Now the way the problem is formed, I understand that all bunnies are identical, as regards their preferences. It also appears that there is no income constraint here. So with respect to the fox's scheme, the bunnies are totally identical, and each bunny will buy the same number of tickets. So $S_{-i} = (n-1)t_i$ and $(2)$ becomes

$$t_i = \frac {n-1}{n^2}\frac {g_i(C,x)}{p} \tag{3}$$

Moreover the profits of the fox are certain: there is no probability of graver loss other than refunding one bunny. So we have with certainty,

$$\pi = (n-1)pt_i \tag{4}$$

We get

$$(3),(4) \rightarrow \pi = \left (\frac{n-1}{n}\right)^2\cdot g_i(C,x)$$

and maximum profits are where the $g$ function is maximized, which determines $x^*$. And this is where the problem lies here: ticket price remains indeterminate.
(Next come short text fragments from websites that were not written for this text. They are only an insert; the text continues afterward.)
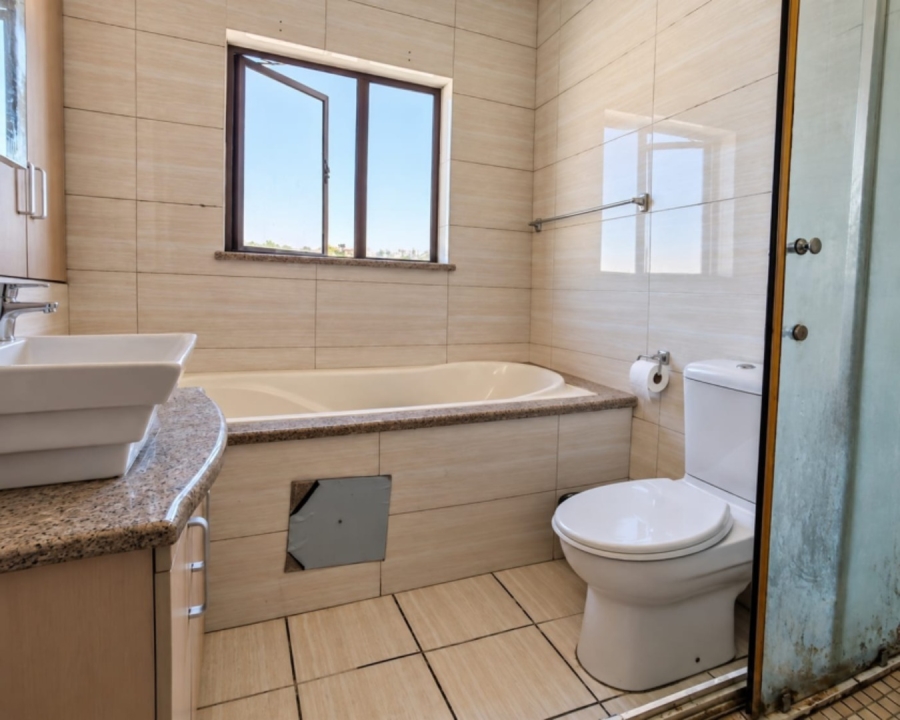 2 Bedroom Property for Sale in Noordwyk Gauteng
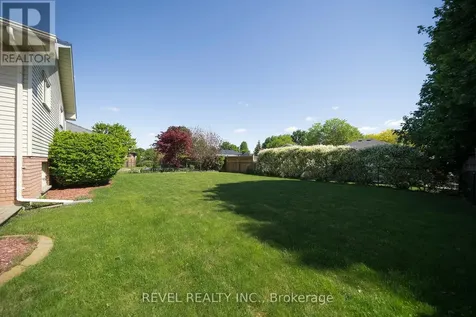 23 Trillium Way Brantford ON N3R 7T7
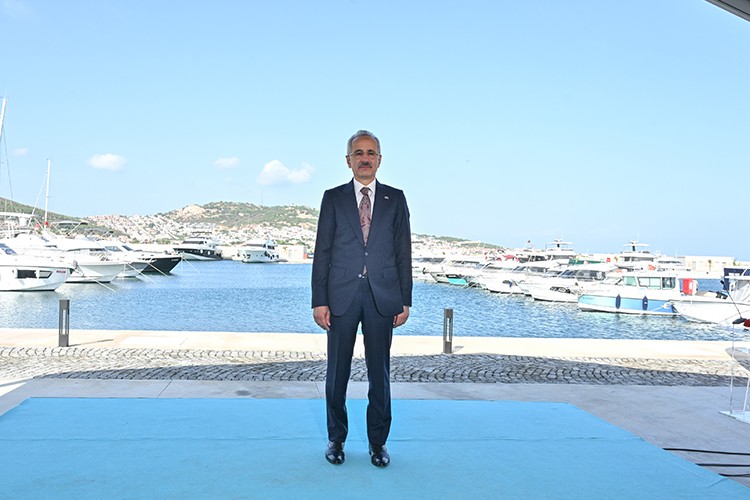 Yeni Foça Yat Limanı hizmete açıldı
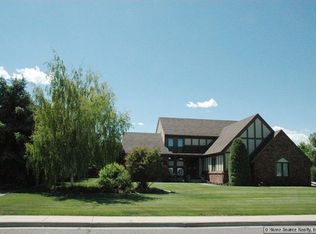 320 Big Bend Ave, Riverton, WY 82501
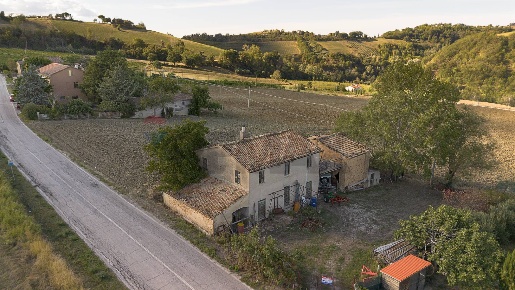 Foto Rustico in via fondiglie 56, Rosora di 180 m² con 6 locali in vendita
The profit function is linear in price, this is the problem. While this is standard in a perfectly competitive environment, here we have a monopoly. To fix this, one should go back to the expected utility function and change its quasi-linear form, and assume instead concave utility in $pt_i$, $v(pt_i), v'>0, v''<0$. This will maintain price as an argument of the profit function together with $x$, and maximization of profit with respect to $(p,x)$ jointly could be attempted.